Yo evan check out my new collection! Theyre freakin' insane! I fell inlove man


----------



## Claudia (Apr 21, 2010)

How many r u selling of the tropheus duboisi?


----------



## EVANDU (Dec 30, 2010)

actually only one.


----------



## EVANDU (Dec 30, 2010)

chixclids said:


> Yo evan check out my new collection! Theyre freakin' insane! I fell inlove man


you get any pic? i want see them haha


----------



## chixclids (May 21, 2012)

Watch the vid even better


----------



## chixclids (May 21, 2012)

Watch the vid even better


----------



## EVANDU (Dec 30, 2010)

chixclids said:


> Watch the vid even better


oh man. that looks awesome!


----------



## EVANDU (Dec 30, 2010)

free bump price drop to $30


----------



## EVANDU (Dec 30, 2010)

bump bump


----------



## ninez (Apr 21, 2010)

Hi

Just wondering by buying just one from you and adding just one into my existing tropheus group, will the existing group accept it or kill it?

Thanks


----------



## BaoBeiZhu (Apr 24, 2010)

ninez said:


> Hi
> 
> Just wondering by buying just one from you and adding just one into my existing tropheus group, will the existing group accept it or kill it?
> 
> Thanks


kill it .


----------



## onefishtwofish (Apr 21, 2010)

kill it......wait , you have dubosi? you never told me. however. if you r talking about your demisoni, i would say he will be alright. the color is so far from the competition that the dominant demisoni wont bother it in my experience. i have had a big male thickskin in with my colony that fell out of the breeder box into their tank and he is fine. I also put in 4 fish i got from tom that r malawi's I think and they pay them no mind so if that is the case should be ok. slip him in in the dark and feed them. just my opinion.


----------



## Tequilla (Nov 18, 2011)

Two years ago another member give me one adult tropheus duboisi yellow band & within 9 months time I noticed that he either damaged my other Adult African Cichlids or killed them; No wonder he was given to me, so I too give him up for FREE.

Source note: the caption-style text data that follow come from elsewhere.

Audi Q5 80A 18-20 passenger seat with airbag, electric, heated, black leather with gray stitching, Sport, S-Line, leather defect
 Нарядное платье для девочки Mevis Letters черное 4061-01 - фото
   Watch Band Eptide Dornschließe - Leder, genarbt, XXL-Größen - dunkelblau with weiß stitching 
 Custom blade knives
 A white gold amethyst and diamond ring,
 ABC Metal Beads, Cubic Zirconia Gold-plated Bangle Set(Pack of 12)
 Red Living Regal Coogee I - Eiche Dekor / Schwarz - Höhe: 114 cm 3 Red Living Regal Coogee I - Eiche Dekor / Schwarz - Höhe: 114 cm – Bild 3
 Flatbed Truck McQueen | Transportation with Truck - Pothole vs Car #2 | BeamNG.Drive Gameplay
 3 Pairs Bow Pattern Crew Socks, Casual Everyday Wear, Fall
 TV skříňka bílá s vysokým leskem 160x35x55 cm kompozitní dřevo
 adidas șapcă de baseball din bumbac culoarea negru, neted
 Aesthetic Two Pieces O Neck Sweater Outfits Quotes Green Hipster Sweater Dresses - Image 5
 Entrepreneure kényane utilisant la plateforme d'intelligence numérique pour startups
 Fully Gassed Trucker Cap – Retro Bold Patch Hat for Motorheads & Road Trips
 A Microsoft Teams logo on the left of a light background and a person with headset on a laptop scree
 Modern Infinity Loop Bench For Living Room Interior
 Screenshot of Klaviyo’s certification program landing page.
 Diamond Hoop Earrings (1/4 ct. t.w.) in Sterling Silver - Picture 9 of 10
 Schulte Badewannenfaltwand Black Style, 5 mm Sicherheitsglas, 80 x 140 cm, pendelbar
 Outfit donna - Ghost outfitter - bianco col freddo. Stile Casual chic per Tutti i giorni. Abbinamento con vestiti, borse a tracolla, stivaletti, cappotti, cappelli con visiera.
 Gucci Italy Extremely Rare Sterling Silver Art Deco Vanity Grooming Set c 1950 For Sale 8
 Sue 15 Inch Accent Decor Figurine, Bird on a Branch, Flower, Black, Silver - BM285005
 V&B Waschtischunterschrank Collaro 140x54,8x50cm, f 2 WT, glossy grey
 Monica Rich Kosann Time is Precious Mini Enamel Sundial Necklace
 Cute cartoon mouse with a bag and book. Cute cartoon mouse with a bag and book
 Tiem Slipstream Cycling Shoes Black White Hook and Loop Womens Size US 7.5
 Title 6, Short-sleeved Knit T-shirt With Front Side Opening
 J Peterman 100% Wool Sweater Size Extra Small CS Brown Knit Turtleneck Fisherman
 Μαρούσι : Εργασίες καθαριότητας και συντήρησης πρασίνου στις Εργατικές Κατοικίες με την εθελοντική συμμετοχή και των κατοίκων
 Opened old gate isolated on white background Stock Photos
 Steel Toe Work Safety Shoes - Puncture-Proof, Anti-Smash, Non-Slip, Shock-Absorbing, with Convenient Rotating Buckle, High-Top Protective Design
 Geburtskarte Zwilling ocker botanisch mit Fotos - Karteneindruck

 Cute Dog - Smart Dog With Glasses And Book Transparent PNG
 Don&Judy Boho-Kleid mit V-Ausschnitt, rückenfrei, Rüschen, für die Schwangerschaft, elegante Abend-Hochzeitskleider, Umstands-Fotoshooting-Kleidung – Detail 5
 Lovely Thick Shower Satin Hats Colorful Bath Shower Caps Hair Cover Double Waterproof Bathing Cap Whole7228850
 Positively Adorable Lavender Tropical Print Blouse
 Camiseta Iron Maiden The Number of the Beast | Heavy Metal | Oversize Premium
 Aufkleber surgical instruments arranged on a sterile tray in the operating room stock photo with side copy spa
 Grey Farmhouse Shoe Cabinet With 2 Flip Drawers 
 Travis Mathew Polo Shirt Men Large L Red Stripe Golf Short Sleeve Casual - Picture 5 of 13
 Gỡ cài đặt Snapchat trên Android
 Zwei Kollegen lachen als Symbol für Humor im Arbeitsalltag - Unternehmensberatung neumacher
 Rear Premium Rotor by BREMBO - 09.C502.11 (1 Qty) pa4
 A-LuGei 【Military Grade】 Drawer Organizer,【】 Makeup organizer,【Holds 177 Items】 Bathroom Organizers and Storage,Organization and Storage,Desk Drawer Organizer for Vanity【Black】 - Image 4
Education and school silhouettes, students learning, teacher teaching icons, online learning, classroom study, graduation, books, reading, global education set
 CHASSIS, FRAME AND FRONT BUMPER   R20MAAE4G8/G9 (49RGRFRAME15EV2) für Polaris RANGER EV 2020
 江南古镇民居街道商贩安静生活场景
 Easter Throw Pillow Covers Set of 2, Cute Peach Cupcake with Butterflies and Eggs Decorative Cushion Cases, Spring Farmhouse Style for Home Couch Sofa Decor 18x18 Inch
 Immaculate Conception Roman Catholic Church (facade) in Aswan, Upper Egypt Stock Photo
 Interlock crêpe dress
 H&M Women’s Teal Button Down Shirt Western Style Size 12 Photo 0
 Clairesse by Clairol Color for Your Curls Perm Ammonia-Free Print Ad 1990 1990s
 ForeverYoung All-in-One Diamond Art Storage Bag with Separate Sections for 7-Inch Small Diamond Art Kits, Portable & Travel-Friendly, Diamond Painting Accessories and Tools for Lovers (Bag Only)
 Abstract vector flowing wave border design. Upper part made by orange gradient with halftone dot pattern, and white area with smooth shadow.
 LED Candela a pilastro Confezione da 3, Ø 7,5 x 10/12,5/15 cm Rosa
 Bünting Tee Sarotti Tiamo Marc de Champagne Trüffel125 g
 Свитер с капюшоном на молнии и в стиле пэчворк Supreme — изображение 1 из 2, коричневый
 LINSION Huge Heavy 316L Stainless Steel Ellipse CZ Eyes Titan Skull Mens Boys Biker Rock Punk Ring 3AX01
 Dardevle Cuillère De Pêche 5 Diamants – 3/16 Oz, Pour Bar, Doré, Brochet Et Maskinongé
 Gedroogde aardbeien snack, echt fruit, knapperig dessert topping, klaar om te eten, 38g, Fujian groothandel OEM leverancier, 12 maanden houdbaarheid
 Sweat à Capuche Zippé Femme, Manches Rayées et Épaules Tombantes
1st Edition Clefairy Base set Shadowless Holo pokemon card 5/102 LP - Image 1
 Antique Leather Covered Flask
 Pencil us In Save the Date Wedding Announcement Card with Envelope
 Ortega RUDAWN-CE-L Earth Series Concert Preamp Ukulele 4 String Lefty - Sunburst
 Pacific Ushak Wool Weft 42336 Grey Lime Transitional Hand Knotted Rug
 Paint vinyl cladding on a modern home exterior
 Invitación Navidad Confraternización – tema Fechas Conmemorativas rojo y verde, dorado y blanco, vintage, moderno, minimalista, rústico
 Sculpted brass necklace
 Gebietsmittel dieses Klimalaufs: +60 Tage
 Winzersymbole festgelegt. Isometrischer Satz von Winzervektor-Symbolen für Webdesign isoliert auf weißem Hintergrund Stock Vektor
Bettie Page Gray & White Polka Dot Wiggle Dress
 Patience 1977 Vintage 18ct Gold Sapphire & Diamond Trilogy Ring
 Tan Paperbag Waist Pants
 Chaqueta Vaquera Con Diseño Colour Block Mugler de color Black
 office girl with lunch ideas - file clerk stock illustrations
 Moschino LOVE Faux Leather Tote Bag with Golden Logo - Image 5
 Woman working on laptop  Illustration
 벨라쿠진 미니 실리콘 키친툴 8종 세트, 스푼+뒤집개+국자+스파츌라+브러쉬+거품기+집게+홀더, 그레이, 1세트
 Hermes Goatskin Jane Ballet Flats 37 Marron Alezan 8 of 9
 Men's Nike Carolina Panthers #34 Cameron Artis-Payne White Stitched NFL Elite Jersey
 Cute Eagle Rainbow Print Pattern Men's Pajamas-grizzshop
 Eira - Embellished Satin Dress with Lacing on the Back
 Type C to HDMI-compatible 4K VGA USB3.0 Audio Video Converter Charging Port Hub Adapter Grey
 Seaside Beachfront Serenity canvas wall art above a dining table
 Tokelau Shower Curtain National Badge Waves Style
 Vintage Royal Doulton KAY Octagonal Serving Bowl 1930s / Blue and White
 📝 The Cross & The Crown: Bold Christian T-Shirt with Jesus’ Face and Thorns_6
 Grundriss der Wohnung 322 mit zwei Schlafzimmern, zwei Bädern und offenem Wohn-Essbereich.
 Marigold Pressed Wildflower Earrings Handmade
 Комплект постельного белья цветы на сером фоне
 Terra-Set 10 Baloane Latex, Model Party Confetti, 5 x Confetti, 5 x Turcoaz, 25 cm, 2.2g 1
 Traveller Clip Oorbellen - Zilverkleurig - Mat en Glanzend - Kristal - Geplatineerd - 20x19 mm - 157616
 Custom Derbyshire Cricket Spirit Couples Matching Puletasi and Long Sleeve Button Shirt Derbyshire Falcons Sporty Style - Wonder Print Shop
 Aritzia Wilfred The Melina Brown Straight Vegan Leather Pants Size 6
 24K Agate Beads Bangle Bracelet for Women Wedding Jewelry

You should keep him in your set up, otherwise his not going to be happy in any other Aquarium unless his placed inside his own Aquarium all by himself.

I do agree that his a gorgeous fish, but his a devil.

Since than I bought 10 fry tropheus duboisi yellow band & they are all doing just fine inside my 125g all African Cichlids set up.

Anyone that had experience with Troupheus agrees with me to NOT add a "single Adul Troupheus" to any set up as there will be always problems.

All the members should know this important information before they decide to take him as its only fair, otherwise no one likes to add an evil fish into their set-up just to find out the hard way.


----------